If your desired area for the lawn is exposed to direct sunlight, then you should choose bermuda grass. Remember that bermuda won’t even like partial shade.

Not only this, but other factors matter as well. For instance, you should ask yourself which type of lawn you want. If you are aiming for a dense turf that will be lush, soft, and pleasant to walk on, then bermuda is the right choice. Conversely, Fescue makes up for a coarse-textured and clumpy lawn that may not be suitable for your house lawn.

Bermuda requires a lot of resources, including your time, patience, and attention, so if you are not ready to commit 100% to its growth, then it may not be the right pick for you. Whereas Fescue requires standard maintenance, and it is not likely to cause a hassle.

Frequently Asked Questions

Can you mix bermuda with tall fescue?

No. You can not mix bermuda and tall fescue, and you’ll need to make a choice in this situation. It is an all-year grass that will take over your dormant bermuda in the winter months. Fescue is a type of grass that’s either “all in” or “all out,” It won’t be compatible with bermudagrass.

Is bermuda easier to maintain than fescue?

Fescue grass is usually easy to take care of and needs average maintenance at best.

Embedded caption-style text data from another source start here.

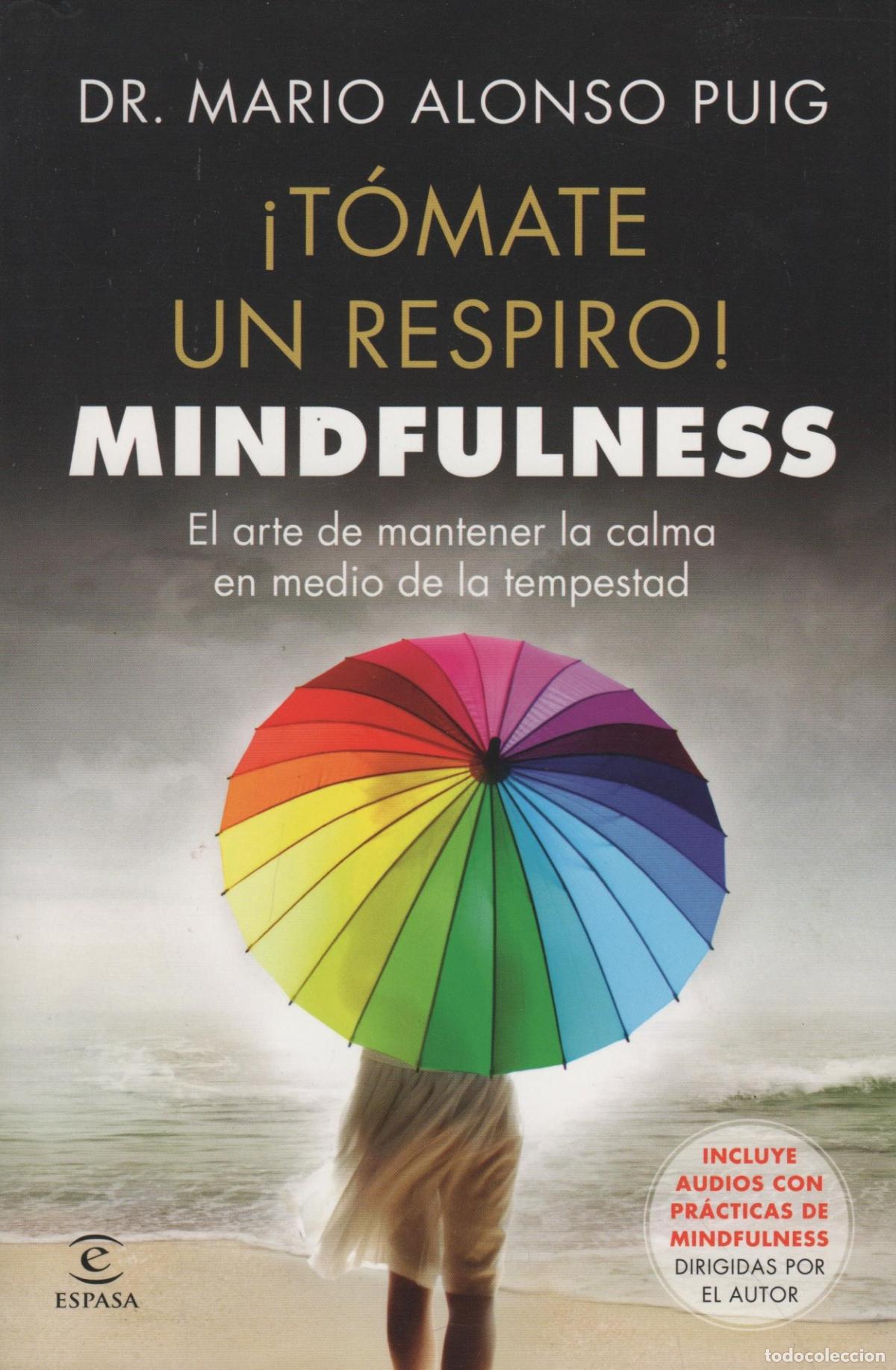 books: &iexcl;T&Oacute;MATE UN RESPIRO! : MINDFULNESS : EL ARTE DE MANTENER LA CALMA EN MEDIO DE LA TEMPESTAD ALONSO P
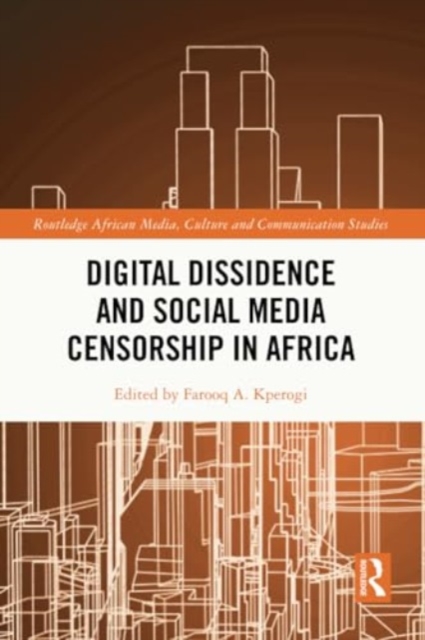 Digital Dissidence and Social Media Censorship in Africa, Paperback / softback Book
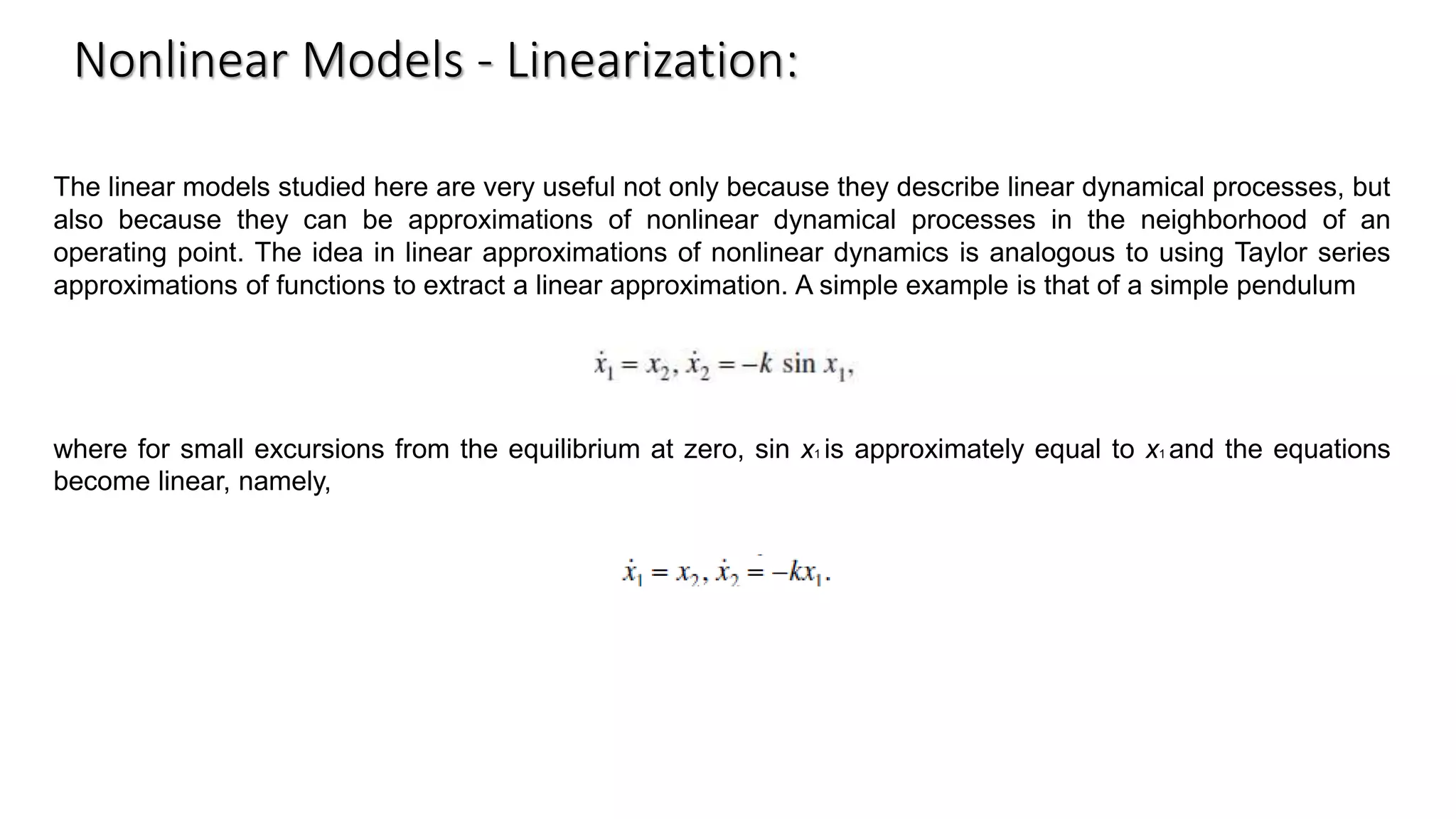 The linear models studied here are very useful not only because they describe linear dynamical processes, but
also because they can be approximations of nonlinear dynamical processes in the neighborhood of an
operating point. The idea in linear approximations of nonlinear dynamics is analogous to using Taylor series
approximations of functions to extract a linear approximation. A simple example is that of a simple pendulum
where for small excursions from the equilibrium at zero, sin x1 is approximately equal to x1 and the equations
become linear, namely,
Nonlinear Models - Linearization:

When compared to bermuda, fescue is much more low maintenance because Bermuda needs more mowing, water, and fertilizers to grow properly. It also needs your undivided time and attention, or it’ll grow out of control.

How to replace bermuda grass with fescue?

If the bermuda lawn isn’t going well, you can replace it with fescue. You can remove the Bermuda grass with a sod cutter or use a herbicide to do the job, and the best time to do this would be late summer (July- September.) After the effects have worn off, you can plant the fescue seeds.

Bermuda Grass vs Fescue Summary

Now that you know all about bermuda grass and fescue remember that your behavior and attendance to the lawn should change based on the species. You don’t want to treat your bermuda grass according to fescue’s requirements and vice versa. 

In this article, we discussed bermuda grass vs fescue. After covering all the important factors, it is safe to say that these grass varieties are ideal choices for different conditions, and they will show the best results when chosen properly. 

The key takeaway from this article is that bermuda and fescue have plenty of differences. We also talked about their advantages and drawbacks, but remember that even though they might be advantageous, you can only choose the one that agrees with your site conditions and level of desired maintenance requirements.